━━━ Dataset entries

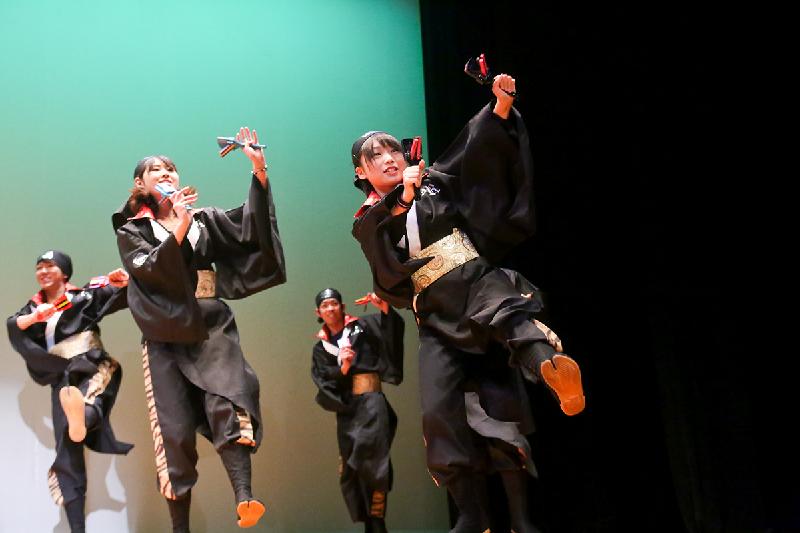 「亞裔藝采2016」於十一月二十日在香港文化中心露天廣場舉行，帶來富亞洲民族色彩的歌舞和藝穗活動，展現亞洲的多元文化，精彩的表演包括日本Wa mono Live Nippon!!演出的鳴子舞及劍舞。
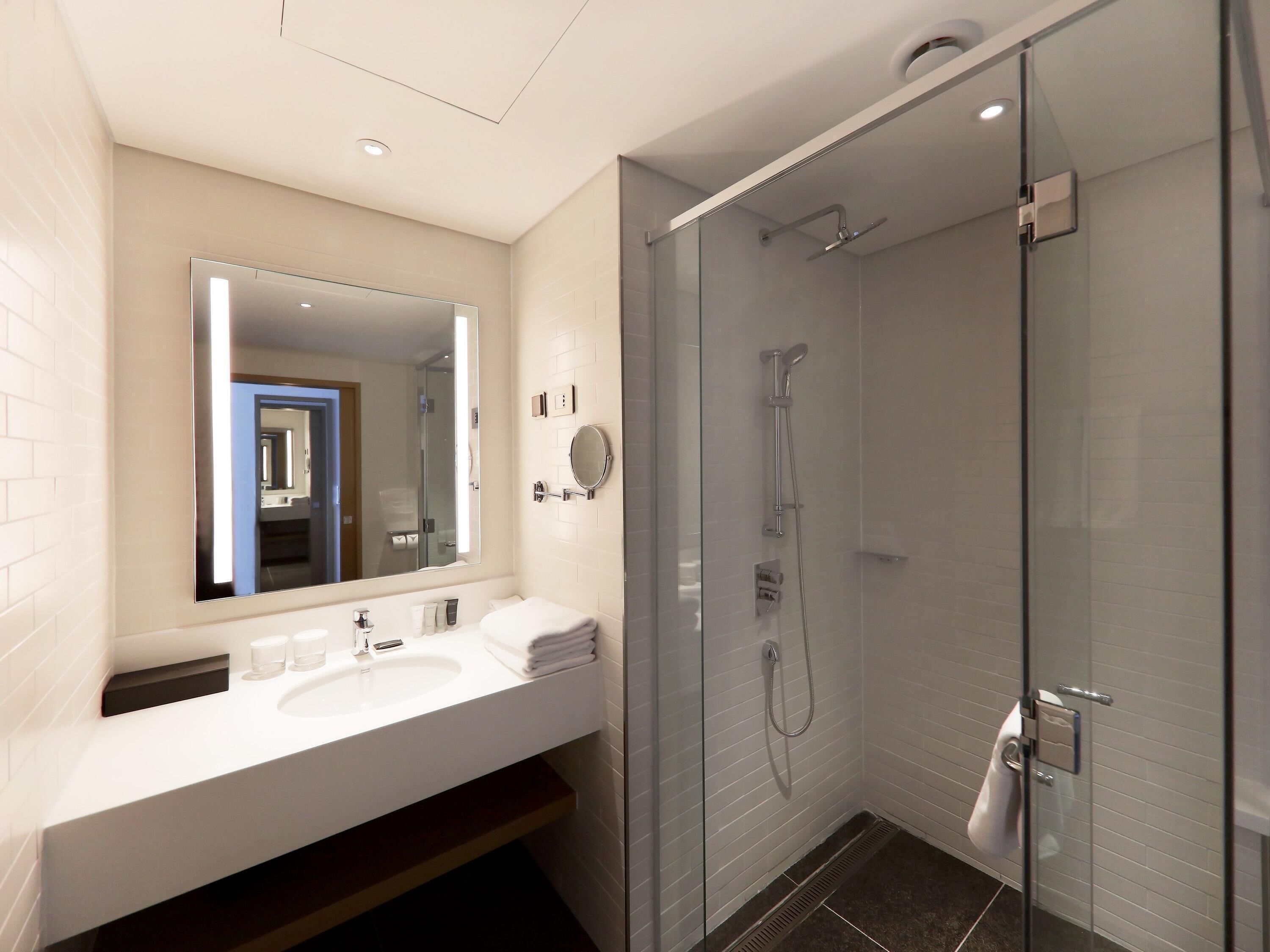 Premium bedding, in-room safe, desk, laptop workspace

━━━━━━
━━━ Dataset entries

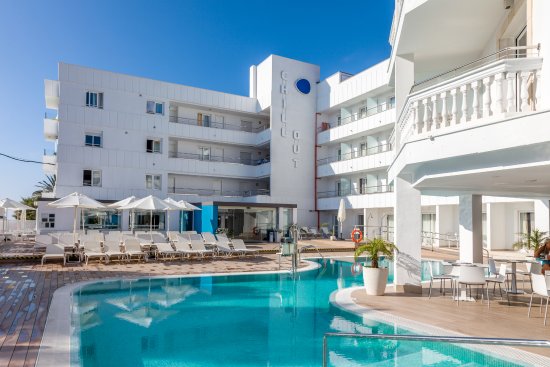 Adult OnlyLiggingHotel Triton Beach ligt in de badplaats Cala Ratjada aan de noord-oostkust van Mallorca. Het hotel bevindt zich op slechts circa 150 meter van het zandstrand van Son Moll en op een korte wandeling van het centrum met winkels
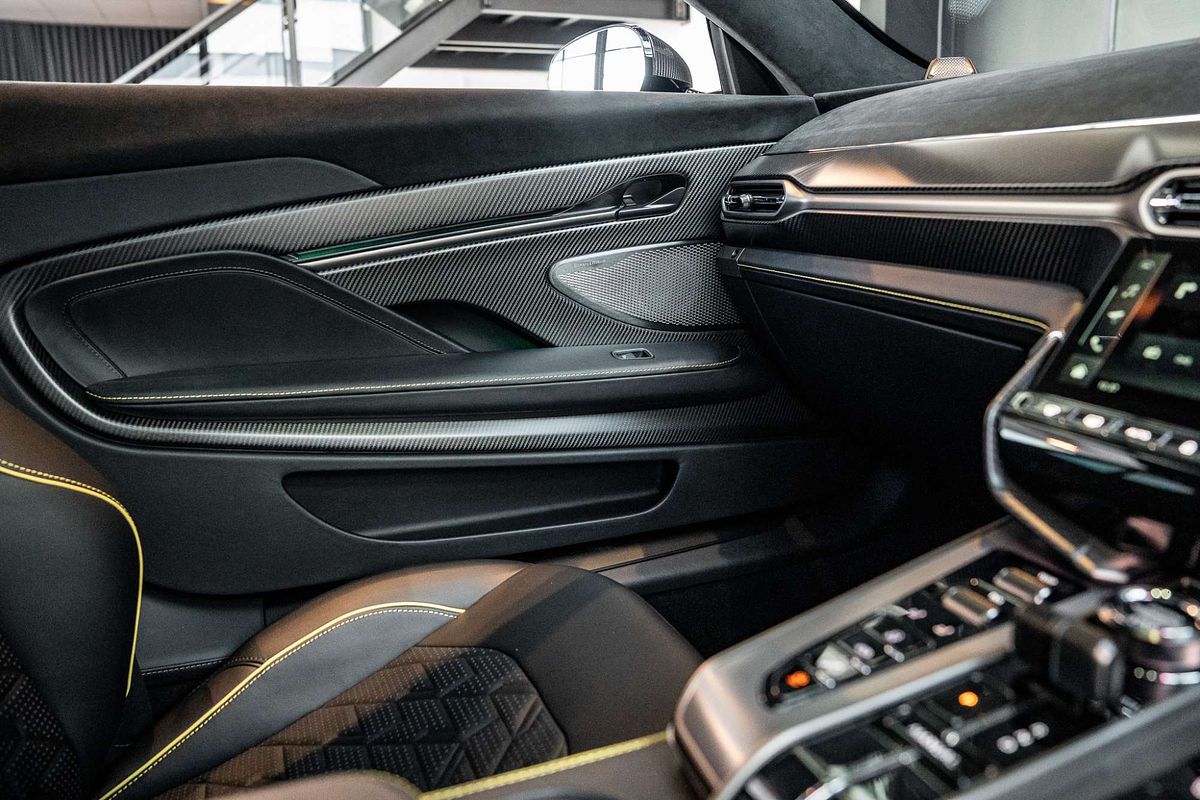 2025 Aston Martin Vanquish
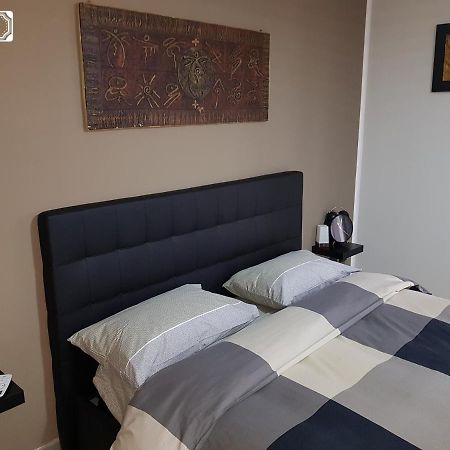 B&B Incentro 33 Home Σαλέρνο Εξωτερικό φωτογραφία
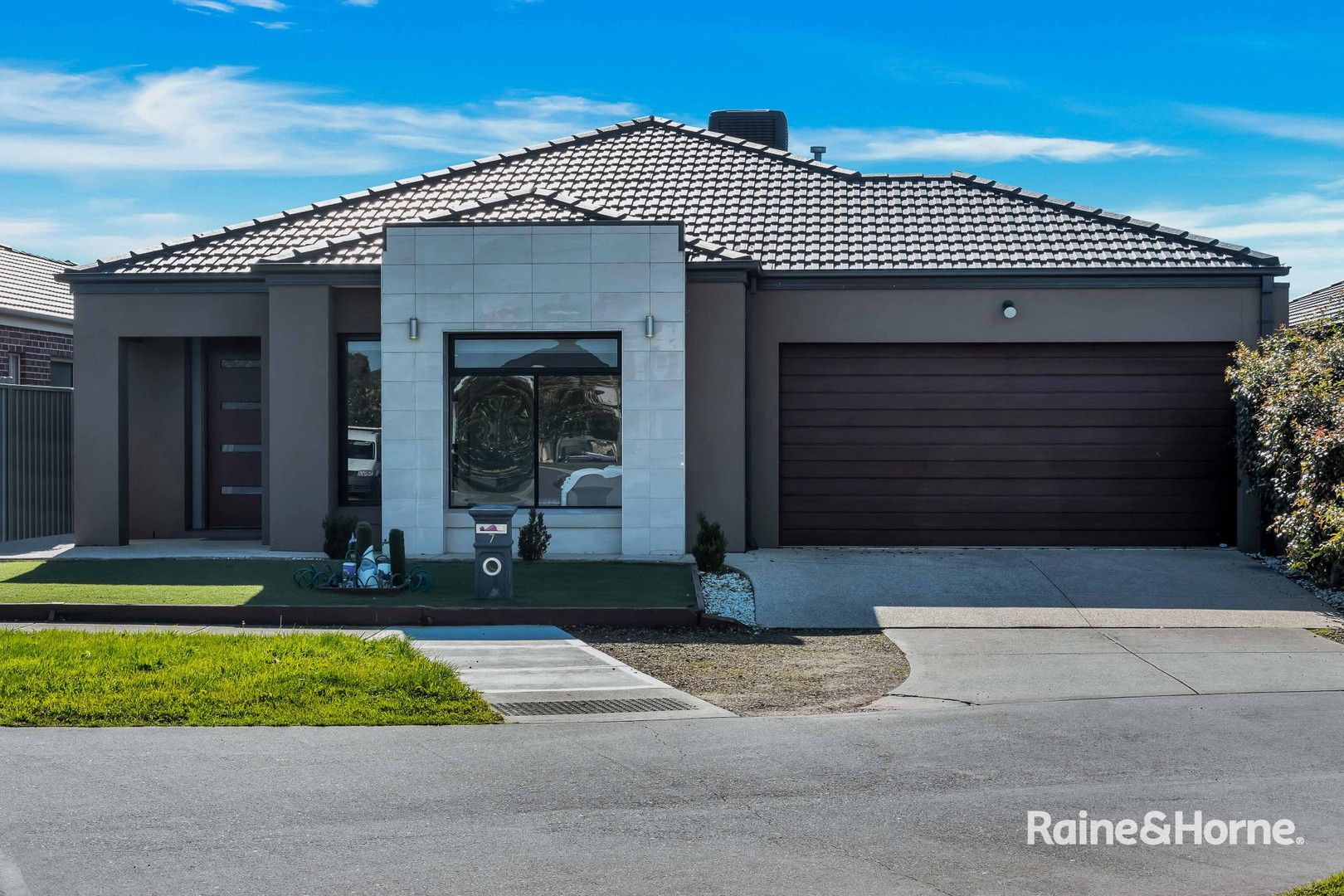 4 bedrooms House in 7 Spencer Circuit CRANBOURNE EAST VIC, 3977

━━━━━━

Aim of the exercise » In the records above, everything from the line with "mono Live Nippon!!演出的鳴子舞及劍舞。" down to the line with "Premium bedding, in-room" is to be set down exactly, both ends included, with no pictures and no other lines.

Answer section »
 「亞裔藝采2016」於十一月二十日在香港文化中心露天廣場舉行，帶來富亞洲民族色彩的歌舞和藝穗活動，展現亞洲的多元文化，精彩的表演包括日本Wa mono Live Nippon!!演出的鳴子舞及劍舞。
 Premium bedding, in-room safe, desk, laptop workspace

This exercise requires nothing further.